── Data

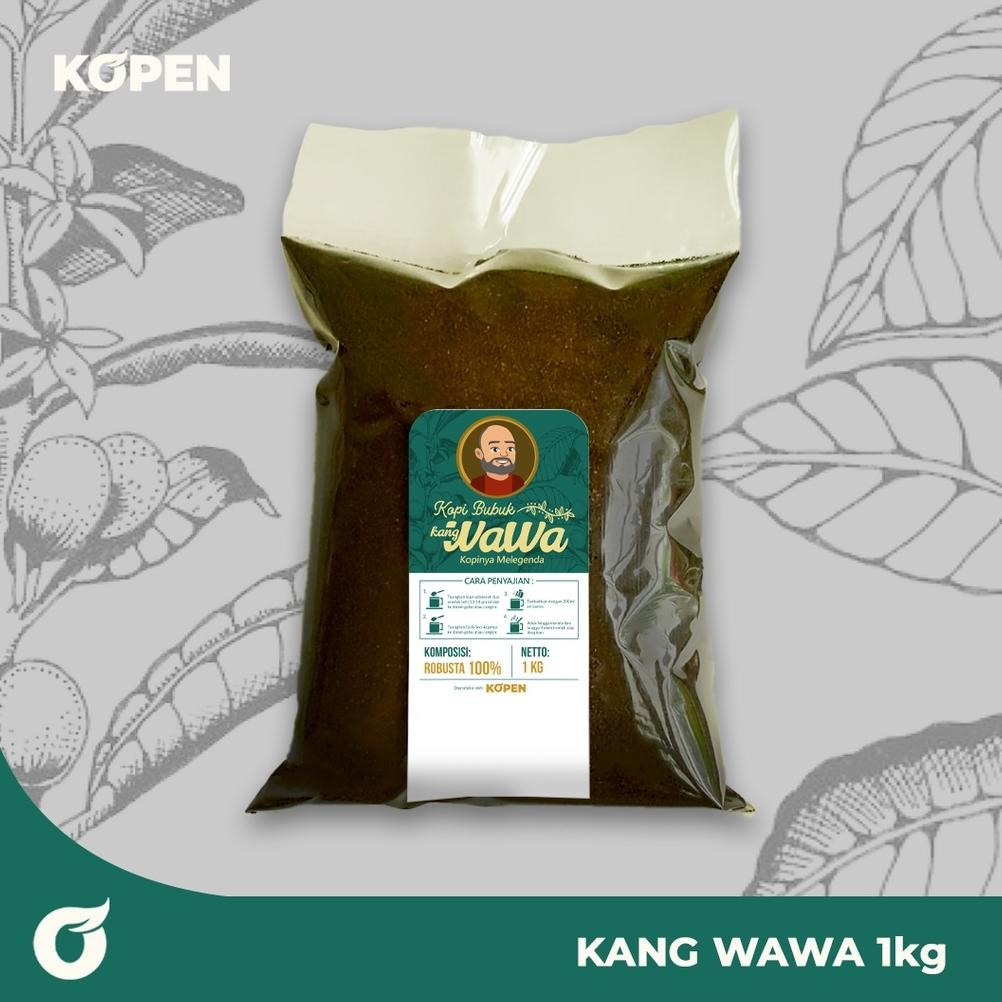 

NEW!!! Kopi Bubuk Kang Wawa 1kg - Kopi Robusta/Kopi Hitam Premium Kualitas Ekspor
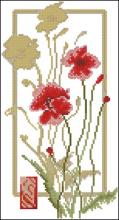 Схема вышивки крестом "Reflection of poppy, Shine of Dew"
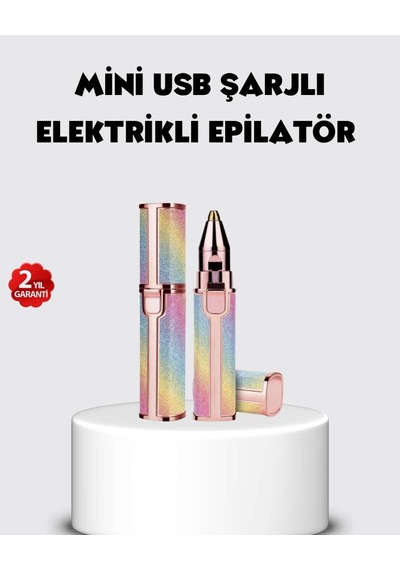 Usb Şarjlı Kaş Ve Yüz Tüy Alma Cihazı Taşınabilir Ve Acısız Kullanım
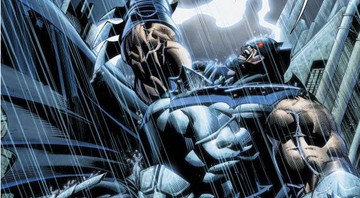 Bane se veste de Batman - Reprodução / Blog DC Comics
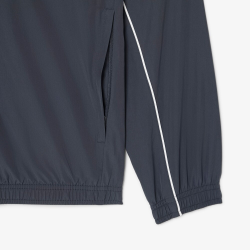 Veste Sport Homme Lacoste Graphite Blanc | DM'Sports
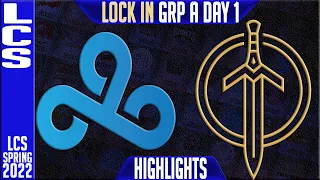C9 vs GG Highlights | LCS Lock In Group A Day 1 | Cloud9 vs Golden Guardians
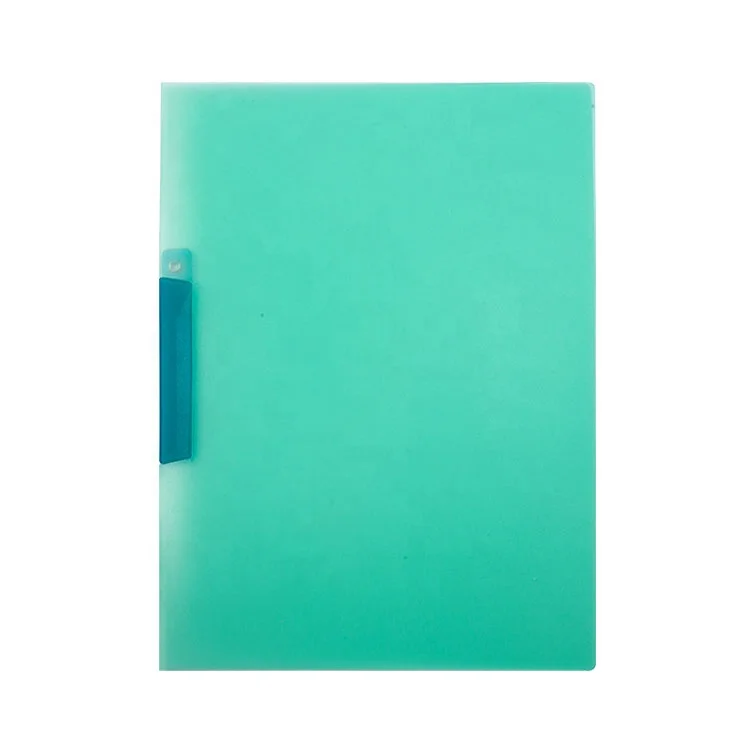 Прозрачная пластиковая папка для файлов A4 с зажимом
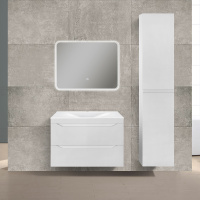 База под раковину Fine 800 подвесная, 2 выкатных ящика soft close, G.White - Gidratop.ru изображение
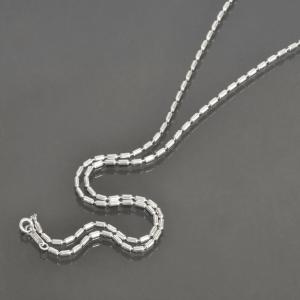 ネックレス チェーン シルバー925 変形ボールBBチェーン 幅2.0mm 長さ50cm｜鎖 銀 Silver アクセサリー レディース メンズ｜rubby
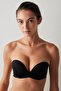 Black Wow Strapless Underwired Pushup Bra - 2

────

**Exercise details**
Skip all pictures. Copy exactly the lines from the one containing "ネックレス チェーン シルバー925" through the end of the records, both ends included.

**Your response**
 ネックレス チェーン シルバー925 変形ボールBBチェーン 幅2.0mm 長さ50cm｜鎖 銀 Silver アクセサリー レディース メンズ｜rubby
 Black Wow Strapless Underwired Pushup Bra - 2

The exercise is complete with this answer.